If it's only json, then json's pretty easy to handle with stdlib utils, so I don't think it would hurt bootstrapping.

gwerbin commented 2 years ago

Sorry to bump an old thread, but here's another use case: generating the name of the Sdist and Wheel files before actually building them (when possible, e.g. when a dynamic setup.py is not present), for later use in a Makefile.

henryiii commented 2 years ago

This can't be done before, as it's up to the build backend to decide the outputs. Build can't know if the build backend is going to produce a pure Python wheel, a compiled wheel, or something in-between (like one that doesn't depend on the Python version but does depend on the OS).

layday commented 4 months ago

I've been writing built dist filenames to a JSON file in the dist folder, but that ends up being picked up by twine with dist/*, which attempts to upload it to PyPI and fails. Prepending a dot to the filename would work on *nix, but that would also make it less discoverable and I assume would have no effect on Windows. If we do decide to write filenames to a file next to the dists, we might have to coordinate excluding it from twine.

henryiii commented 4 months ago

What I think would work would be a --json-output= (bike shedding fine) option that would write out the filename (and a bit more info if anything makes sense) to a file that the user specifies. That way it doesn't have to be in dist unless the user wants it there, you could save multiple runs, etc. For tools like cibuildwheel, this could be a temporary dir.

This can't be done with stdout / stderr since the build backend is allowed to write there, and the info is important / useful. uv has this same problem, and works around it by writing to a file.

layday commented 4 months ago

How would I reproduce this in uv? It doesn't expose a build command.

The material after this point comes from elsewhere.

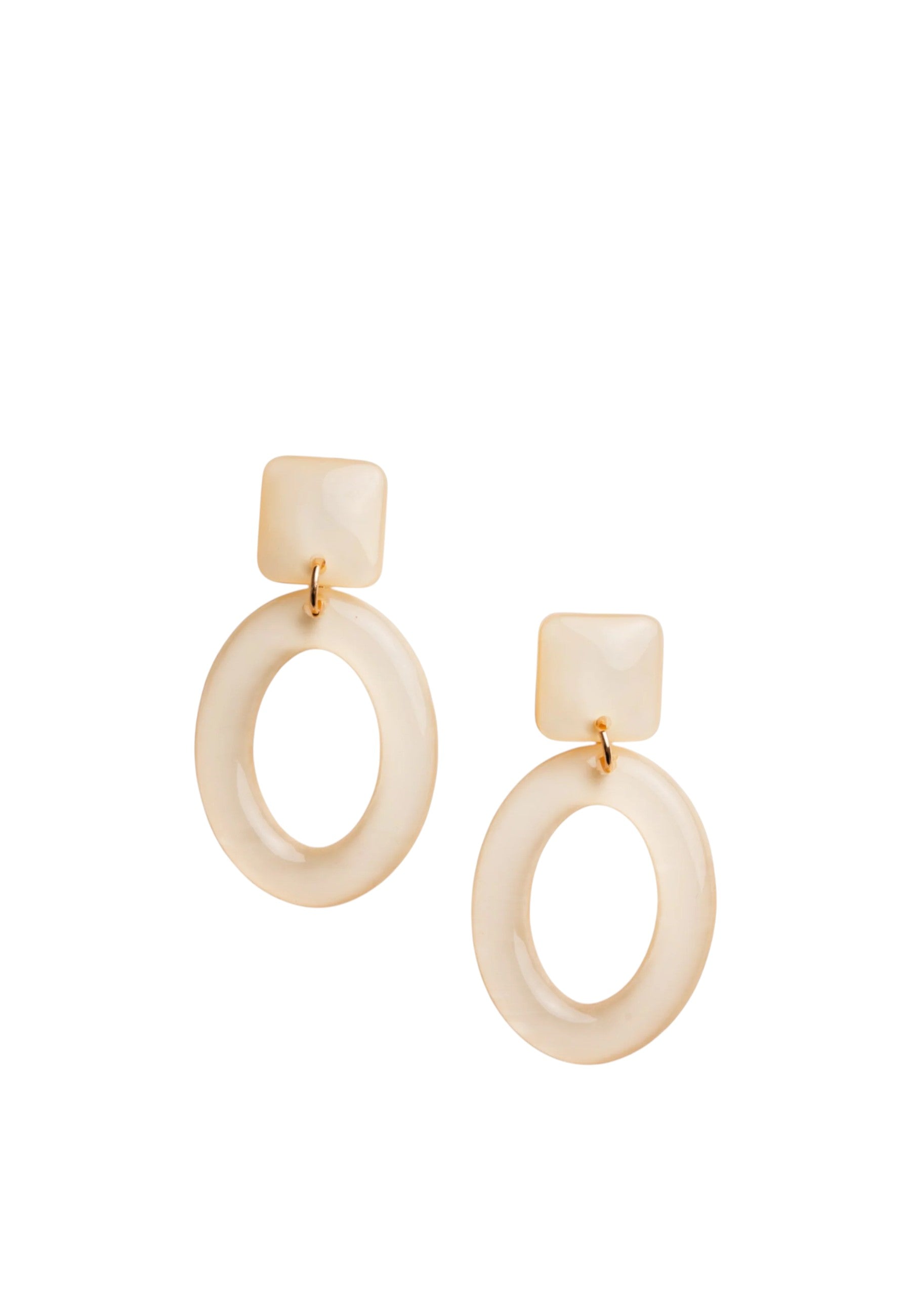 Orecchini pendenti a clip ovali in acrilico bianco Bianco/oro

henryiii commented 4 months ago

When uv is building (like for uv pip install or the experimental build command (requires a dev build), it needs to communicate between processes. Stdout/stderr can't be used, so uv moved to using a temporary output file to commutate between the Python and Rust processes. See https://github.com/astral-sh/uv/pull/2314

layday commented 4 months ago

Ah, but that’s for IPC with the build backend. pyproject-hooks works exactly the same way.